Restitution; MCL 780.766(4)(f); People v Garrison; Statutory interpretation; Alken-Ziegler, Inc v Hague; “Actual”; “Interment”; In re White

Summary

The court held that an engraved granite bench and its installation at the victim’s gravesite qualified as “the cost of actual funeral and related services” under MCL 780.766(4)(f), so it was not erroneous to include that cost in restitution. Defendant pled nolo contendere to second-degree murder and felony-firearm, and the restitution request included invoices for a memorial bench described as “interment costs.” On appeal, defendant argued the bench was “outside [of] funeral expenses” and not authorized because there was “no proof” it was part of the funeral itself.

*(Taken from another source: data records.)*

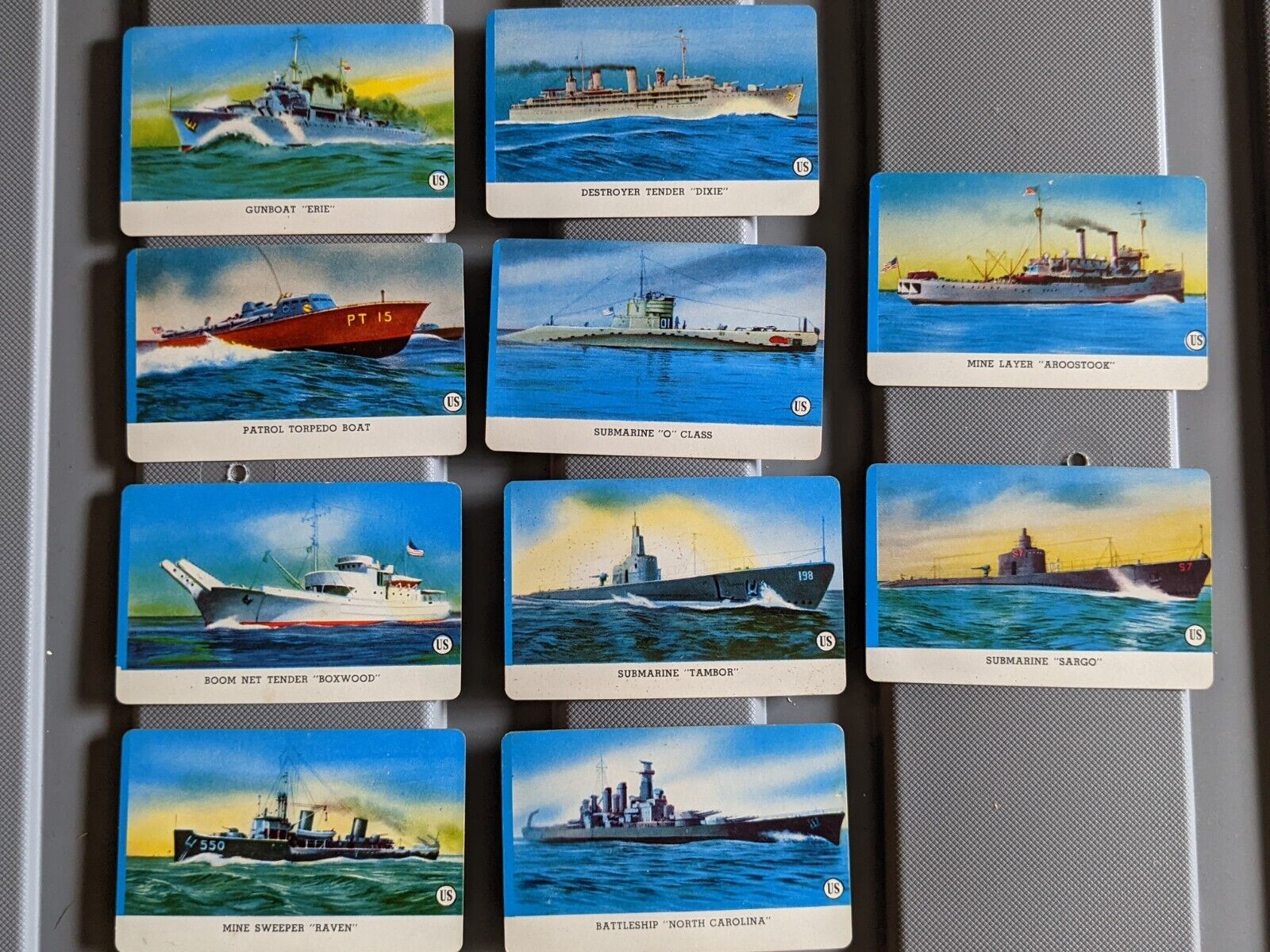 1940s Leaf Card-O Chewing Gum US Navy Series A Battleship Vintage Card Lot of 10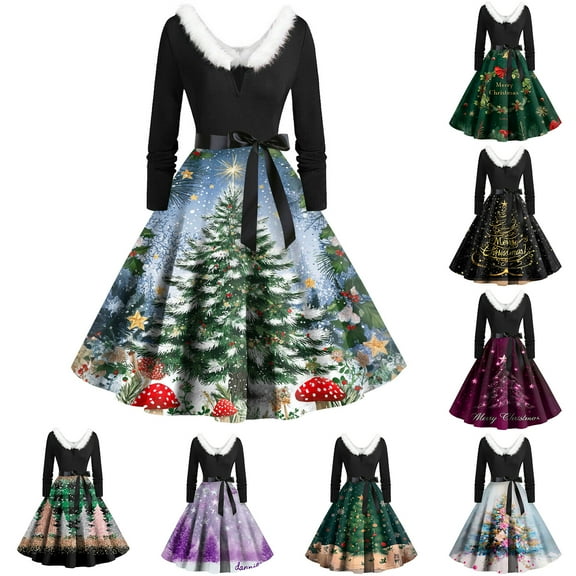 Christmas Dresses for Women Women's Fashion Round Casual Slim Fit Christmas Print Large Swing Long Sleeve Dress for Holiday Party,Army Green,L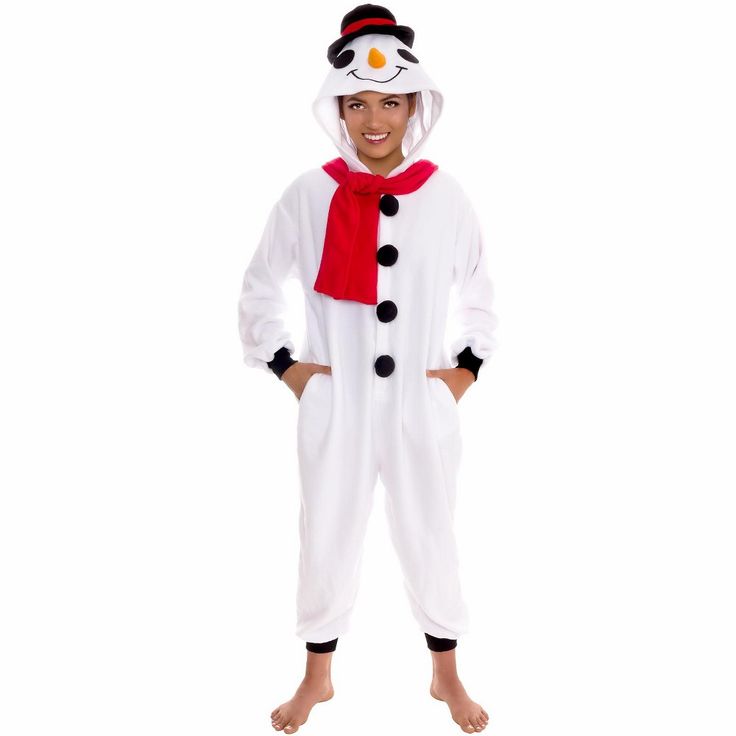 Photo 1 of (2 PACKS) Silver Lilly Unisex Pajamas - One Piece Cosplay Holiday Snowman Costume ----SIZE LARGE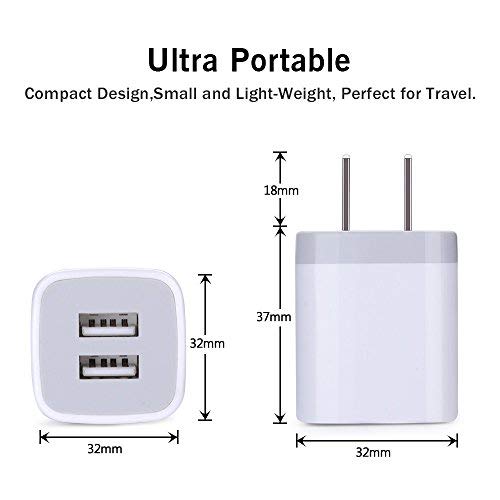 Fast Charging Block,GiGreen 5Pack Dual Port USB Outlet Plug 2.1A USB Wall Charger Power Cubes Compatible iPhone 16/15 Pro Max/14/13/12/11/X/8,Samsung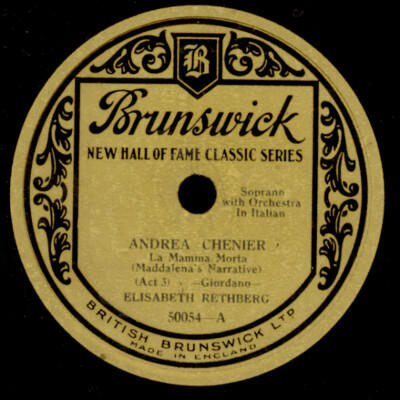 ELISABETH RETHBERG -SOPRAN-''Andrea Chenier'' La Mamma Morta Schellackplatte G3946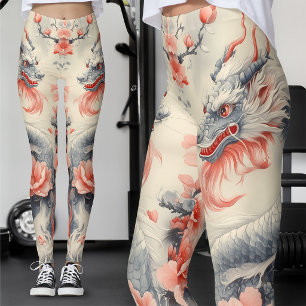 Chinoiserie Sakura Dragon   Slate & Pink Art Leggings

The court rejected that framing, explaining defendant “misreads the statutory language” by treating it as limited to the funeral service itself, where the statute authorizes “the cost of actual funeral and related services.” It reasoned that “funeral” modifies “services,” and that “interment” concerns “the act or ceremony of interring,” i.e., burial as a component of or immediately following a funeral, making it “a service related to actual funeral services.” It also emphasized there is “nothing in the language of MCL 780.766(4)(f)” requiring the bench to have been completed or installed before the ceremony, and nothing supporting the “yearly memorial services in perpetuity” slippery-slope argument. Relying on the Supreme Court’s interpretation that “full restitution” is “maximal and complete,” the court concluded the trial court did not err in finding the bench-and-installation costs were actual costs of services related to the funeral. Affirmed.